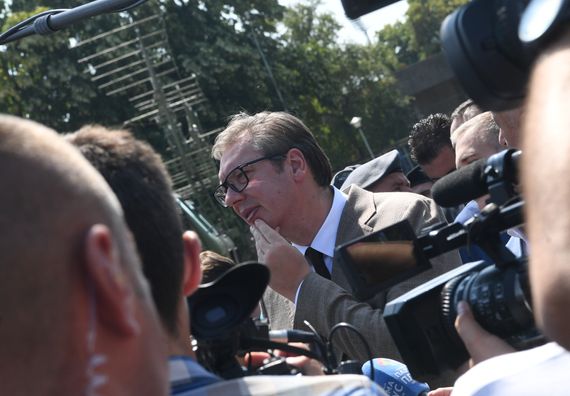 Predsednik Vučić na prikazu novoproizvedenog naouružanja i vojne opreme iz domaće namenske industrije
==
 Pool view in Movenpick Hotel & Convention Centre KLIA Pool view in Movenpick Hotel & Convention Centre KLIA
==
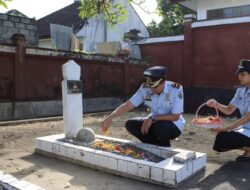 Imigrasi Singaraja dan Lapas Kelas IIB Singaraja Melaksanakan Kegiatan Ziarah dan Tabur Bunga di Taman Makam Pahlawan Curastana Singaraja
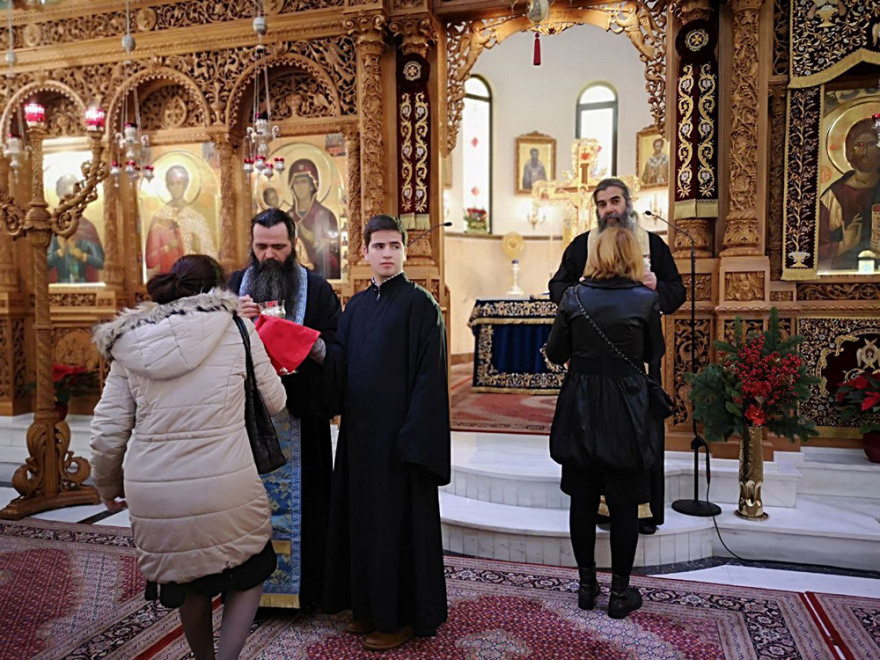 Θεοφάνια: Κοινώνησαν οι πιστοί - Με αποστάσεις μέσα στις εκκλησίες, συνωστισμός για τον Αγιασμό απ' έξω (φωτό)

§ **Requirement**:
Within the listing above, copy exactly the lines that start at the one with "Imigrasi Singaraja dan" and continue through the one with "Θεοφάνια: Κοινώνησαν οι". Omit pictures.

§ **Output of the task**:
 Imigrasi Singaraja dan Lapas Kelas IIB Singaraja Melaksanakan Kegiatan Ziarah dan Tabur Bunga di Taman Makam Pahlawan Curastana Singaraja
 Θεοφάνια: Κοινώνησαν οι πιστοί - Με αποστάσεις μέσα στις εκκλησίες, συνωστισμός για τον Αγιασμό απ' έξω (φωτό)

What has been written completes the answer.